Chabrier: España

Emmanuel Chabrier (1841-1894)

España


Chabrier was raised in the Auvergne. He showed an early gift for music and was composing at 14, but his family were lawyers and tradesmen by trade and he duly followed his father's footsteps, gaining a job at the Ministry of the Interior in 1861 which he held for 19 years. His frustration at the restrictions his work put on his burgeoning composing career grew gradually. During the 1870s he began a number of stage works, but only completed one, L’étoile, which was successfully staged in 1877. In 1880 he heard Wagner’s Tristan and Isolde for the first time, and within months resigned his post to concentrate on music.
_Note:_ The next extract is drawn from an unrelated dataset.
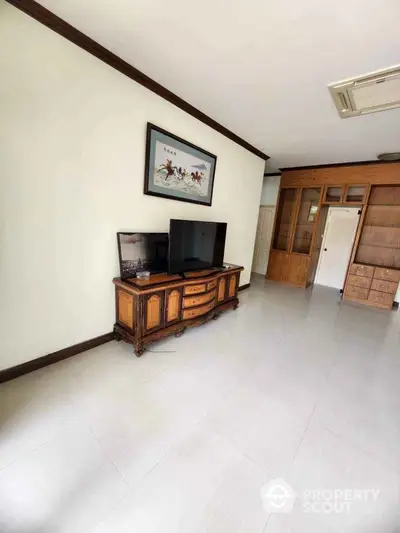 Spacious living room with elegant wooden furniture and mounted TV, featuring a bright and airy atmosphere.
Chabrier composed España after a holiday in Spain in 1882. It is based on two dance forms that he encountered there: the lively Jota and the more sensuous Malagueña. It was originally titled Jota before finding its final title at its completion in October 1883. On hearing it, the Spanish composer Manuel de Falla said that no Spaniard had composed a finer evocation of the Jota. It rapidly spread through the salons and drawing rooms of Europe via a number of arrangements and made Chabrier internationally famous.
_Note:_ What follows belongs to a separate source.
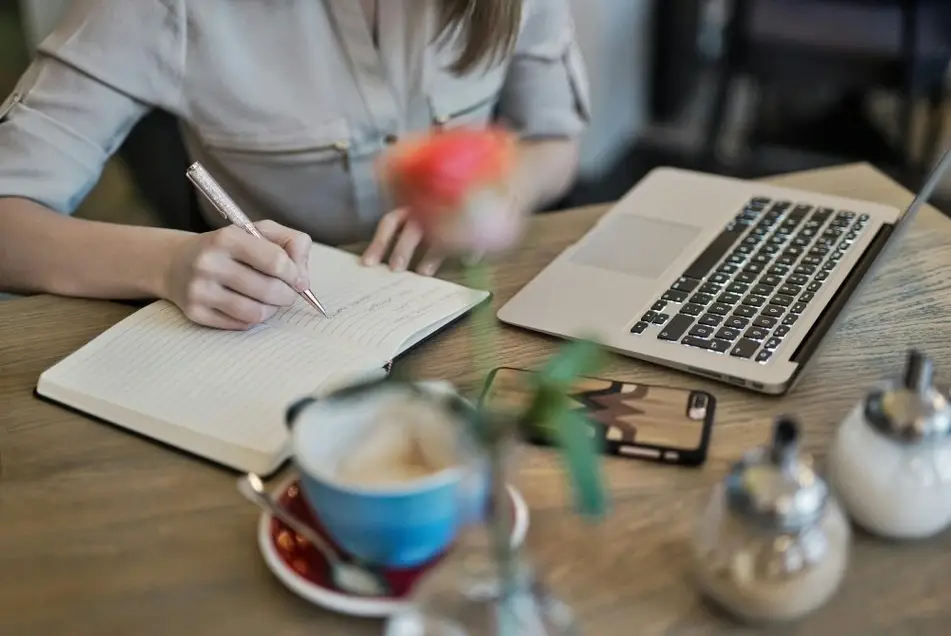 Mujer escribiendo en un cuaderno de notas junto a una laptop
Chabrier is today known almost exclusively for España, and familiarity has perhaps dulled our reaction to it. What is generally considered now to be an attractive piece of light orchestral music was declared by Gustav Mahler introducing it to the players of the New York Philharmonic as nothing less than "the beginnings of modern music." Renoir's wife Aline meanwhile recalled hearing Chabrier playing it on the piano: "it sounded as though a hurricane had been let loose."